The 800 is based on a 131MHz NEC VR4121 processor and ships as standard with 32Mb of RAM, which can be expanded by placing a standard CF memory card into a slot on the right-hand side of the machine.
On the left of the system is a single PC Card slot. You will not need to buy a modem card as the Easy Mobile features a built-in V.90 device - a jack on the right side of the machine connects to your phone line via a standard RJ-11 cable that comes supplied with the system. The large, high-resolution screen would make this the best CE-based machine for Web browsing, as it is able to display most pages as they are intended to be viewed.
The removable Lithium Ion battery pack delivers a claimed maximum life of eight hours, or four and a half if the modem is being used. The machine features the usual array of ports: a serial for connecting to a desktop PC; VGA out for using a monitor; IrDA infrared and USB for the few peripherals that are supplied with CE drivers.
Along with the internal speaker and microphone, the 800 uniquely has a headphone jack. Another small but useful feature is the Kensington lock slot as CE devices are among the most pinchable items of office equipment.

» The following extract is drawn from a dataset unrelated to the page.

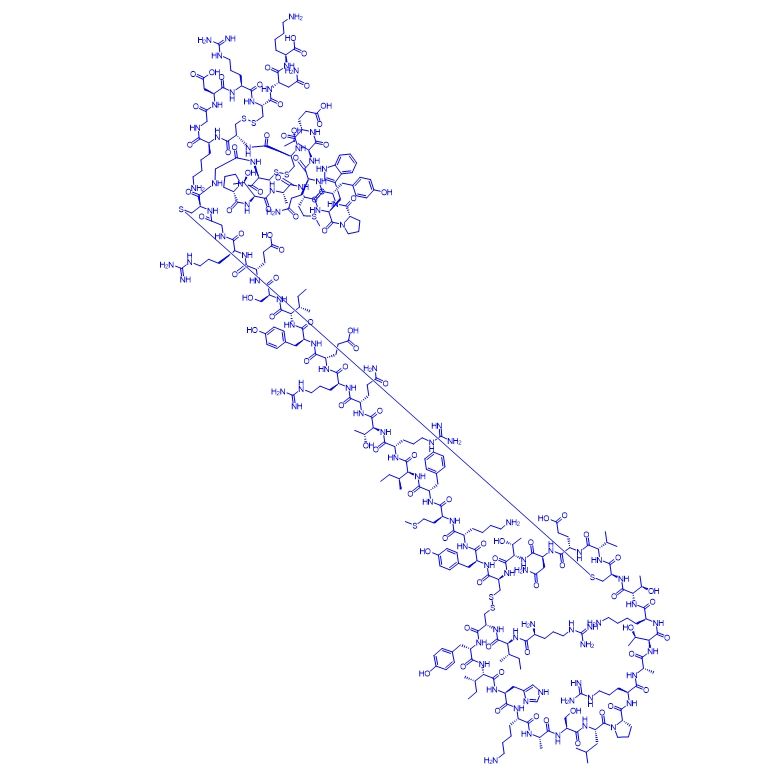 毒素肽Calciseptine/178805-91-9/Calciseptine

Neatly finished in grey and silver plastic, the Easy Mate 800 certainly looks like a professional piece of kit. Its only real failing is the marginally undersized keyboard, but other than this the machine has plenty to offer.
If you follow the argument that CE-based machines are ideal substitutes for laptop PCs, then you should consider the Easy Mate as it is much closer to validating that argument than any of the other machines here.

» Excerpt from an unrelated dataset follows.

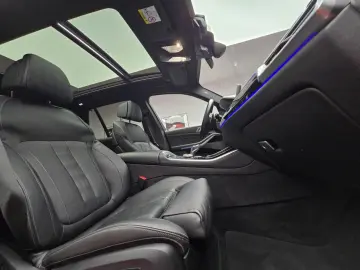 BMW X5 M50d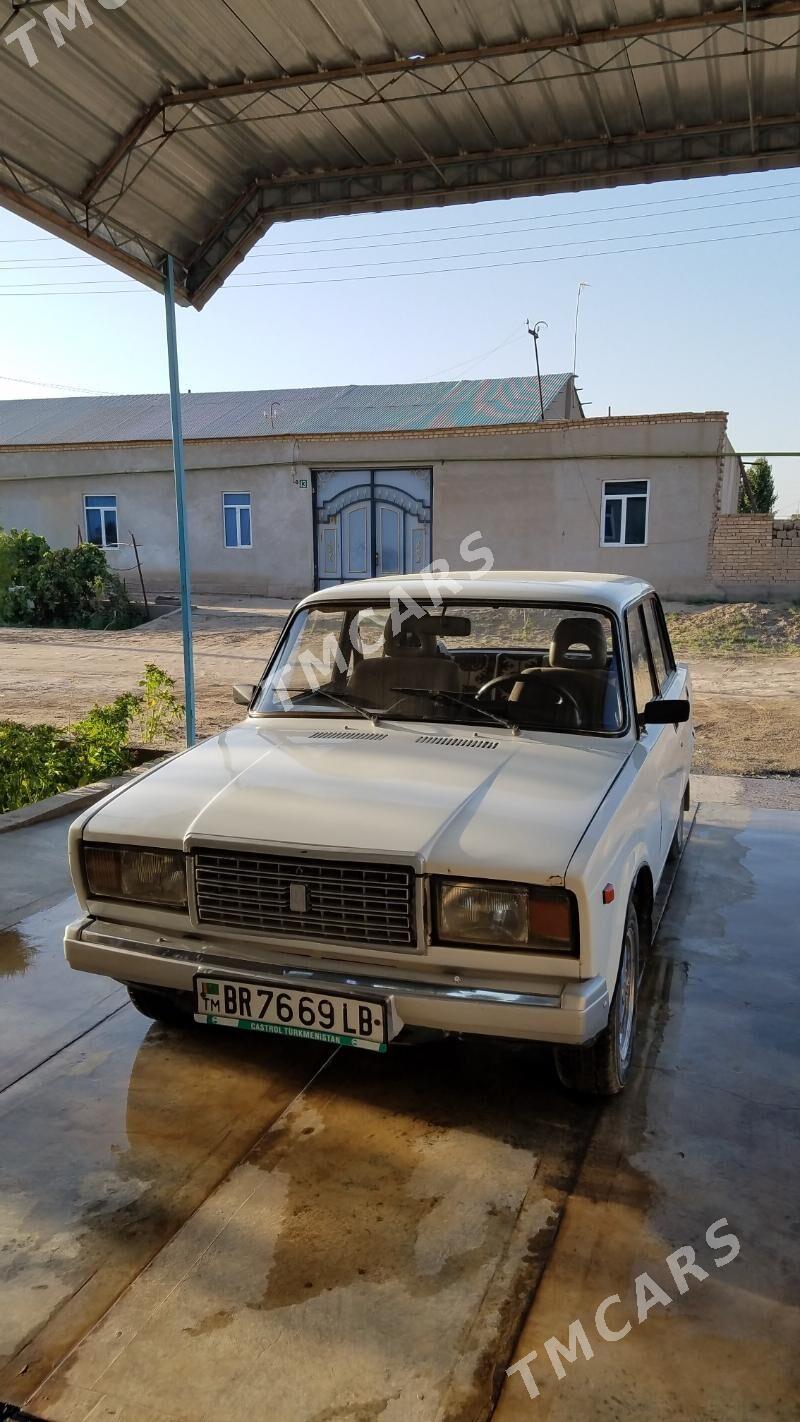 Lada 2107 1998 - 20 000 TMT - Farap - img 3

Size (cm): 24.5 x 18.5 x 2.5
Processor: 131MHz NEC VR4121
RAM: 32Mb ROM: 24Mb
Screen res: 800 x 600
Colour depth: 64K
Tel: 01628 508200
- The obvious winner here is the Packard Bell Easy Mate 800, offering the best overall specification at a good price. The large 800 x 600 screen is the main selling point. Its only real failing is a slightly smaller than average keyboard, but as this does not prevent the user typing at speed, it should not be considered too much of a drawback.

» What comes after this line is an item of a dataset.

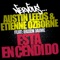 Esta Encendido (Original Mix) - Austin Leeds & Etienne Ozborne lyrics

The machine would make a viable replacement for a more expensive laptop PC in situations where the user only needs to perform general computing tasks. Things like word processing, spreadsheets, Internet and e-mail access can all just as easily be performed on the Easy Mate.
Organisations wishing to develop their own software for the CE platform have several options, ranging from Visual Basic to Java.
All of the machines we looked at here are based on Windows CE for Handheld PCs version 3.0. The OS comes supplied with pocket versions of Word, Excel, Access and PowerPoint. Pocket PowerPoint allows users to display only presentations that have been put together with the full version of the product. This is one of the system's main failings - even rudimentary editing facilities would allow last-minute changes to slides, but we hope future versions of the software will allow users to create presentations instead of only displaying them.
Our ideal machine would be a combination of all four of these systems, featuring the Packard Bell's screen, the HP's keyboard and touchpad, the Phenom's slick design, rechargeable backup battery and full-size connectors and Compaq's security features.
It seems clear that although CE devices have developed into useful business tools, they still have some way to go before people really start take notice of the platform. Over recent months we have seen new product announcements that should help drive the corporate uptake of the Windows CE platform.
These include Compact-Flash network connectivity cards from the likes of Xircom and the Clik! disk system from Iomega, which enables CE machines to save data to non-volatile disks that share compatibility with desktops.